[EXERCISE DIRECTIONS]:
In the records that follow, find the line containing "a building with" and the line containing "Man working from", then transcribe both and every line between them exactly, omitting pictures.

======== DATASET

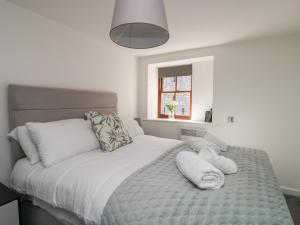 a bedroom with a bed with white sheets and pillows at Llety Pen Deitsh 2 in Caernarfon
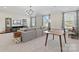 Spacious living room featuring a sectional sofa, modern decor, and entertainment center at 149 Glenn Dr, Mooresville, NC 28115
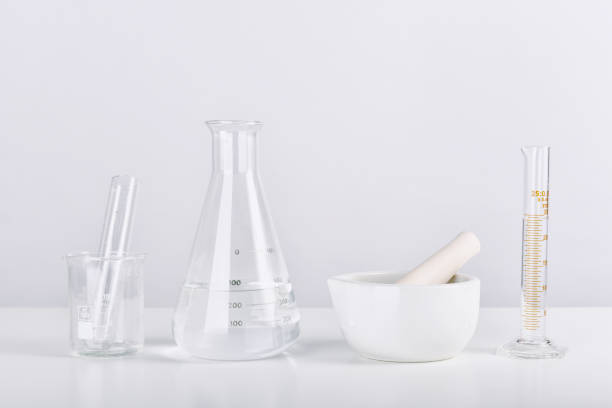 istock Group of scientific laboratory glassware and mortar with clear liquid solution, Research and development concept. 1279740642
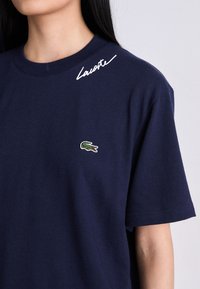 Nő, aki sötétkék pólót visel, amin egy kis zöld krokodil logó van a mellkasán, és a nyak körül a "Lacoste" felirat.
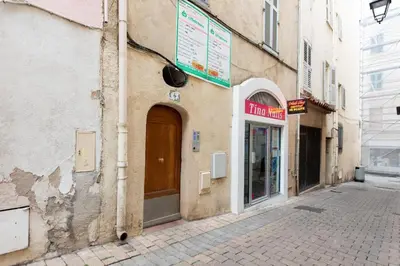 a building with a door on the side of a street at LE NID DU SUQUET une escapade idéale pour couples, près commerces, Palais et plages in Cannes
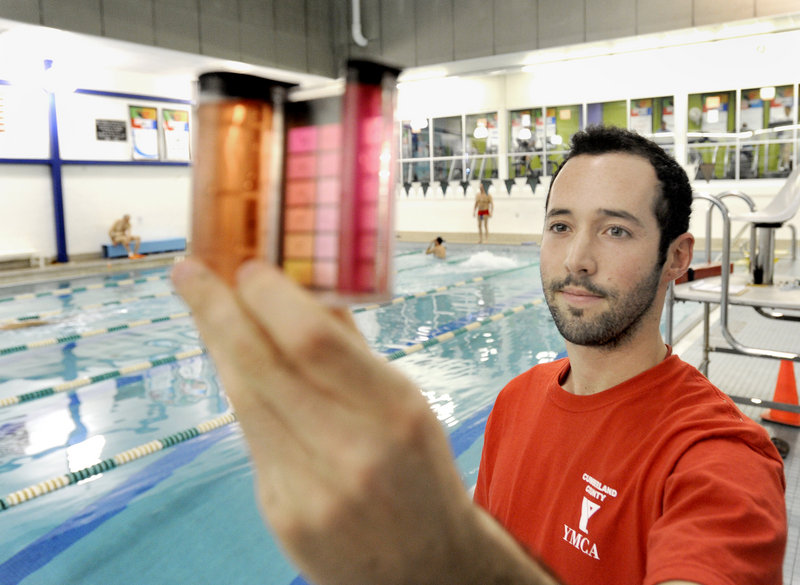 Graham Cavanagh, a lifeguard at the busy YMCA pool on Forest Avenue in Portland, tests the water's pH and chlorine levels. In the past year, the pool reduced the amount of chlorine it uses by 60 percent.
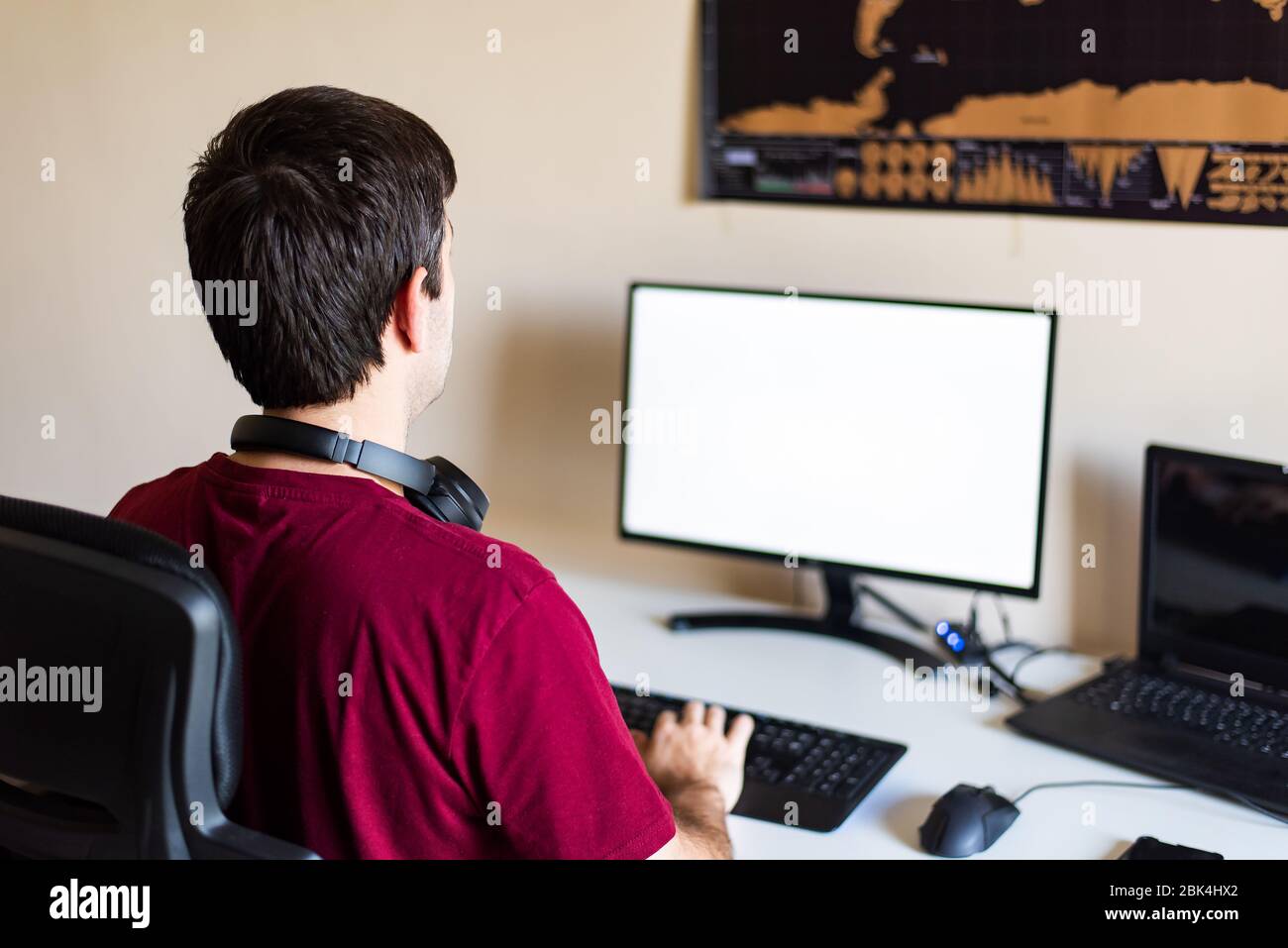 Man working from home in an improvised office in the living room Stock Photo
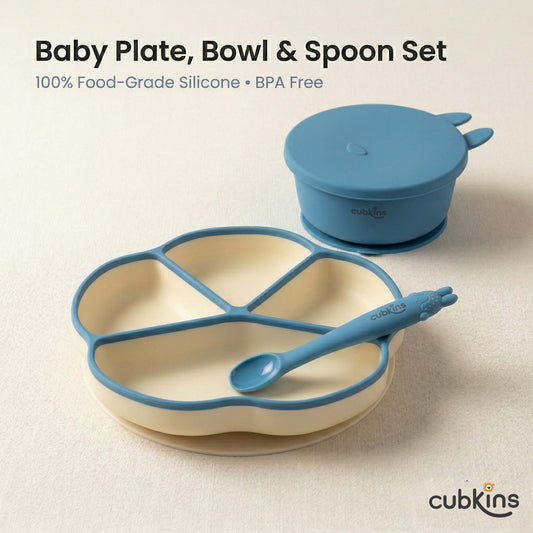 Cubkins 3-piece silicone baby feeding set in Blue Olive — 4-compartment suction thali plate, suction bowl with bunny-ear lid, and bendable spoon on a neutral background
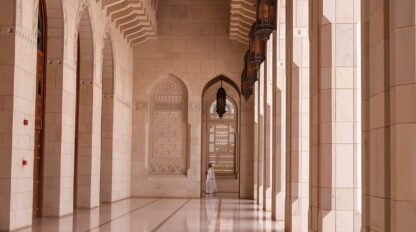 A person in white stands in the corridor of a grand mosque with tall arches, columns, and intricate wall designs, echoing the serene beauty of Oman's mountains.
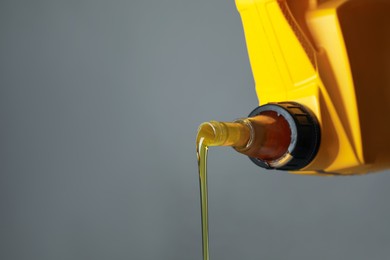 Photo of Pouring motor oil from yellow canister on grey background, closeup. Space for text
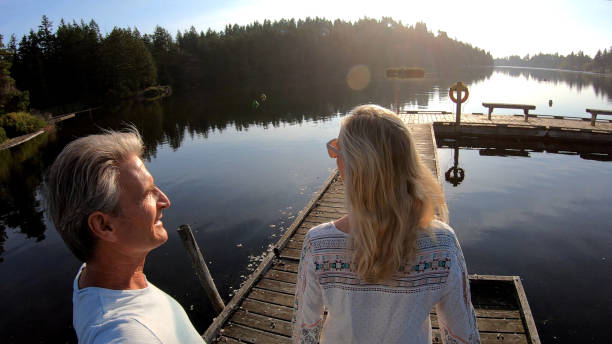 istock Couple walk along lakeside pier at sunrise 1173475373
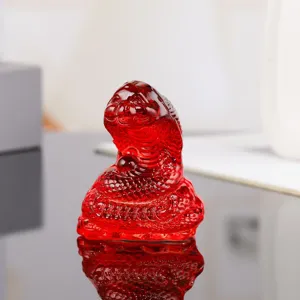 Close up of red crystal zodiac snake figurine detail, sleek glass texture for home decor.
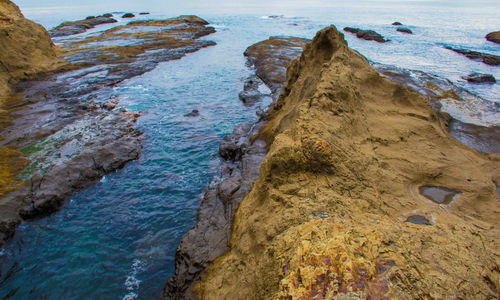 High angle view of rocks on shore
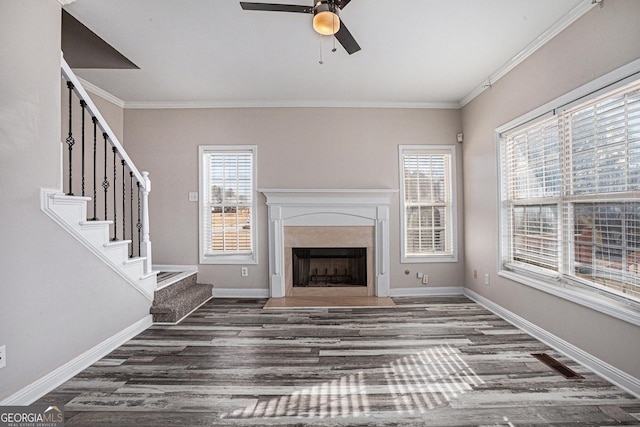 unfurnished living room featuring a wealth of natural light, crown molding, ceiling fan, and wood finished floors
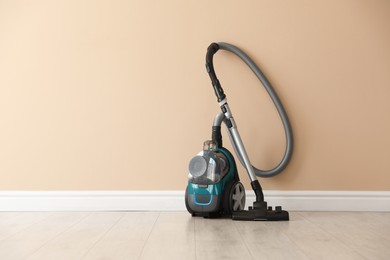 Photo of One vacuum cleaner on floor near beige wall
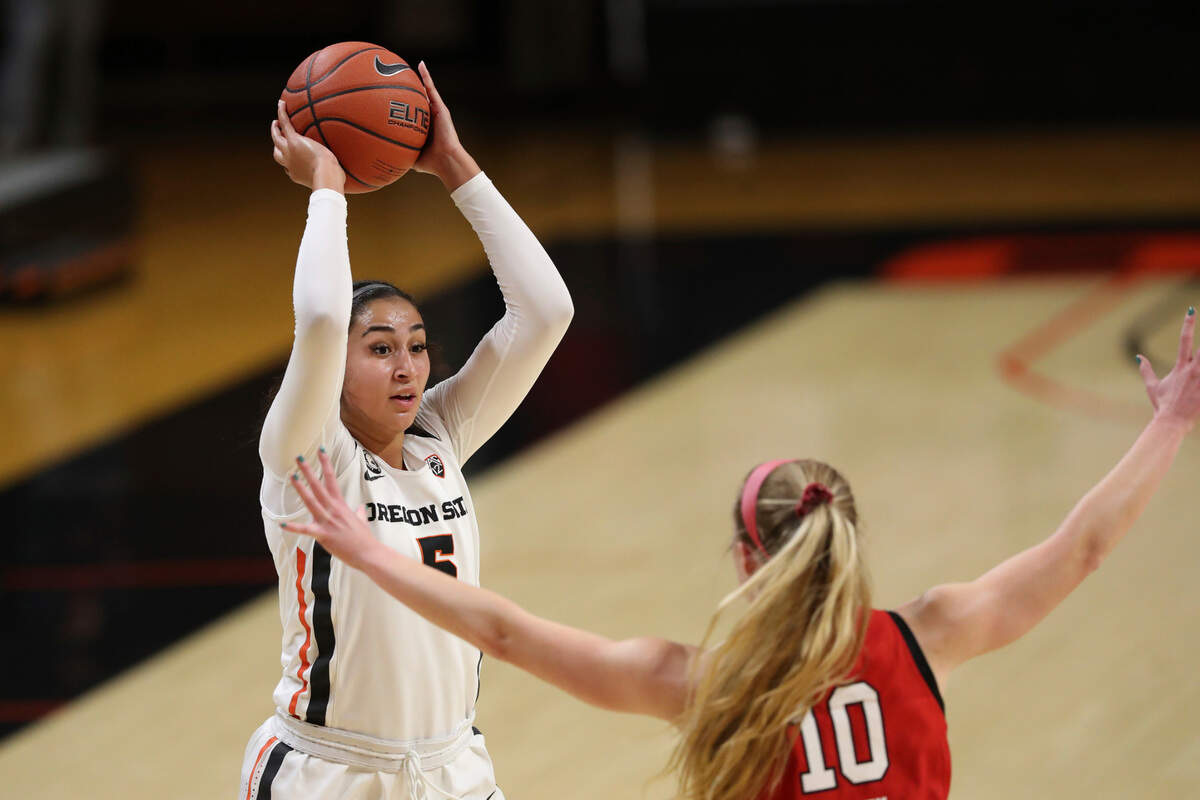 Oregon State’s Taya Corosdale (5) tries to pass away from Utah’s Dru Gylten (10) during an NCAA basketball game on Tuesday, Dec. 8, 2020, in Corvallis, Ore. (AP Photo/Amanda Loman)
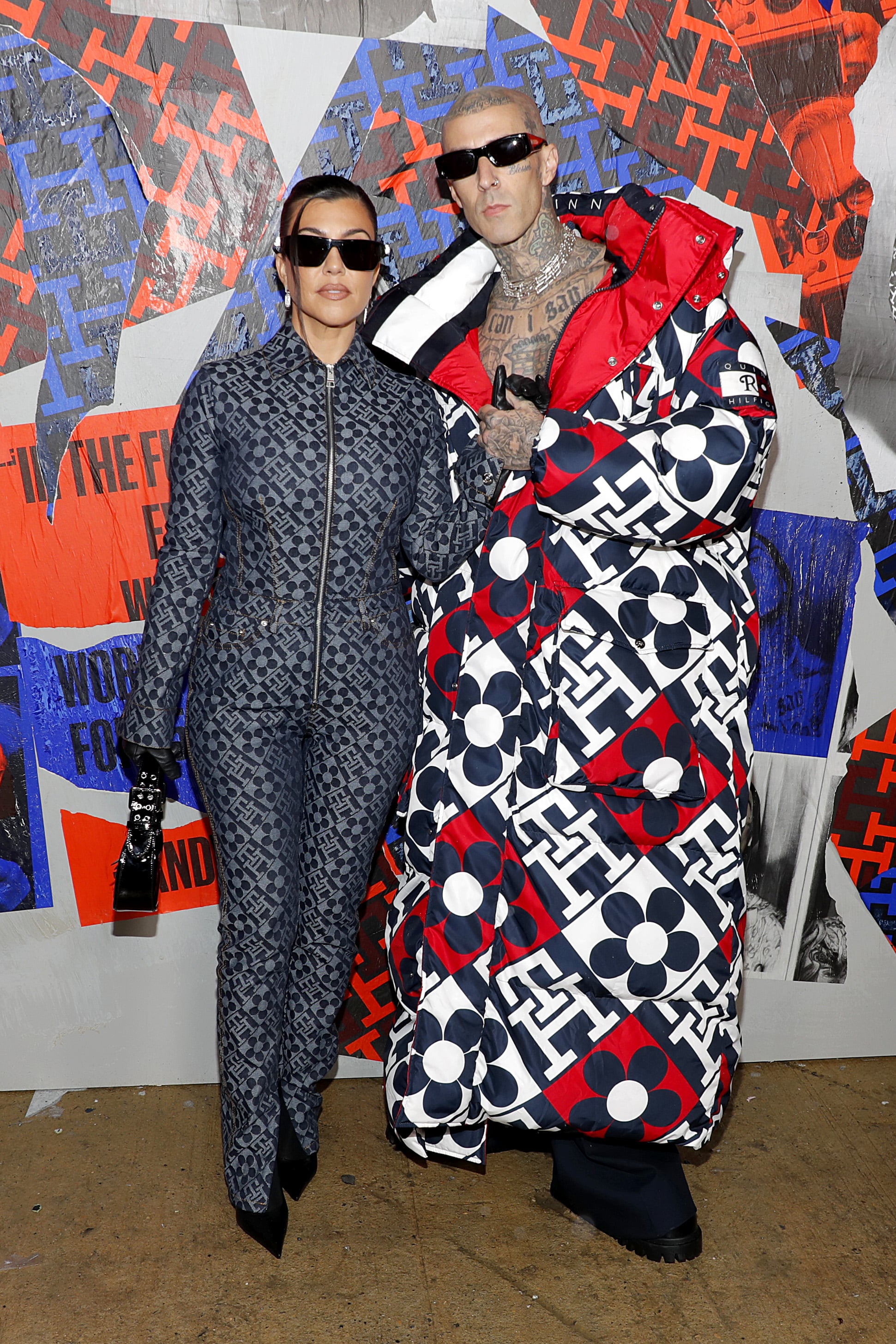 BROOKLYN, NEW YORK - SEPTEMBER 11: Kourtney Kardashian and Travis Barker attend Tommy Factory New York Fall 2022 at Skyline Drive-In on September 11, 2022 in Brooklyn, New York. (Photo by Astrid Stawiarz/Getty Images for Tommy Hilfiger)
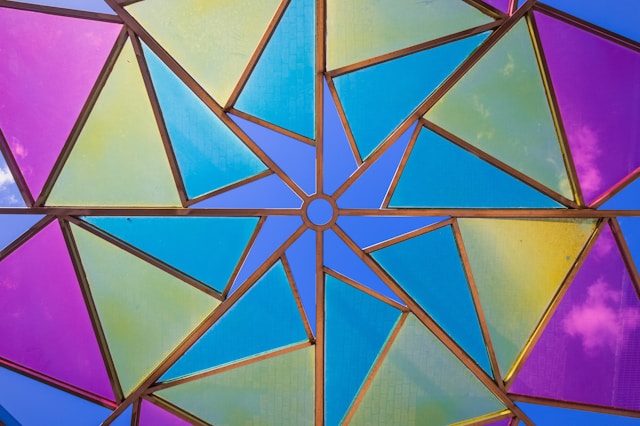 Colorful geometric mosaic pattern with triangular shapes, by Ole, age 7.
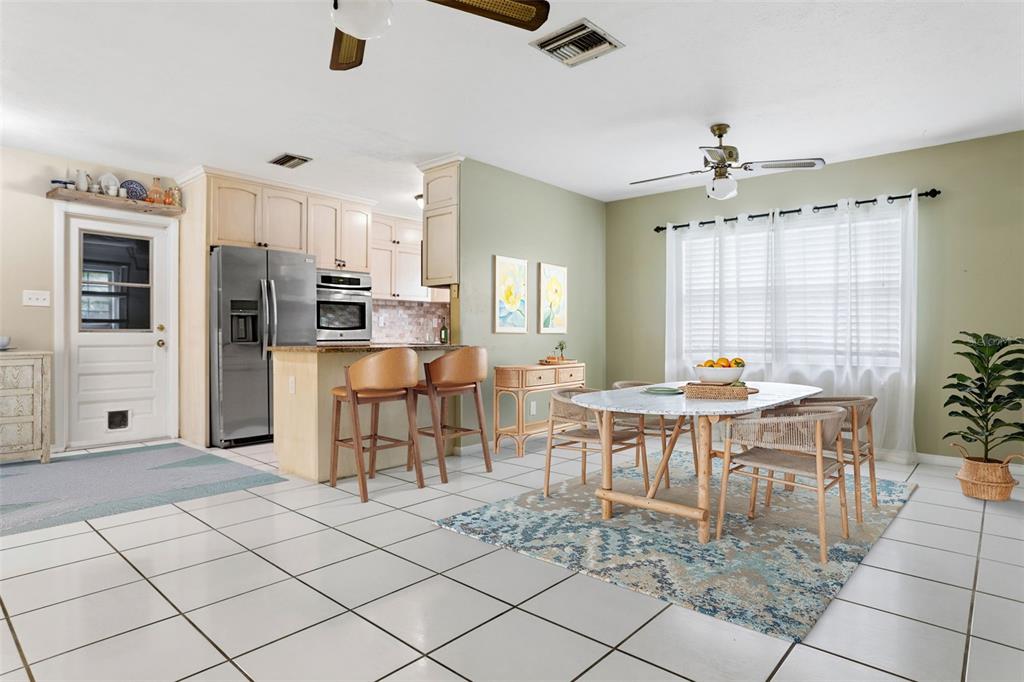 A kitchen and dining area with tile floors, light wood cabinets, and a ceiling fan — 2801 WILSON CIRCLE, LUTZ, FL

================

[SOLUTION TO THE PROBLEM]:
 a building with a door on the side of a street at LE NID DU SUQUET une escapade idéale pour couples, près commerces, Palais et plages in Cannes
 Graham Cavanagh, a lifeguard at the busy YMCA pool on Forest Avenue in Portland, tests the water's pH and chlorine levels. In the past year, the pool reduced the amount of chlorine it uses by 60 percent.
 Man working from home in an improvised office in the living room Stock Photo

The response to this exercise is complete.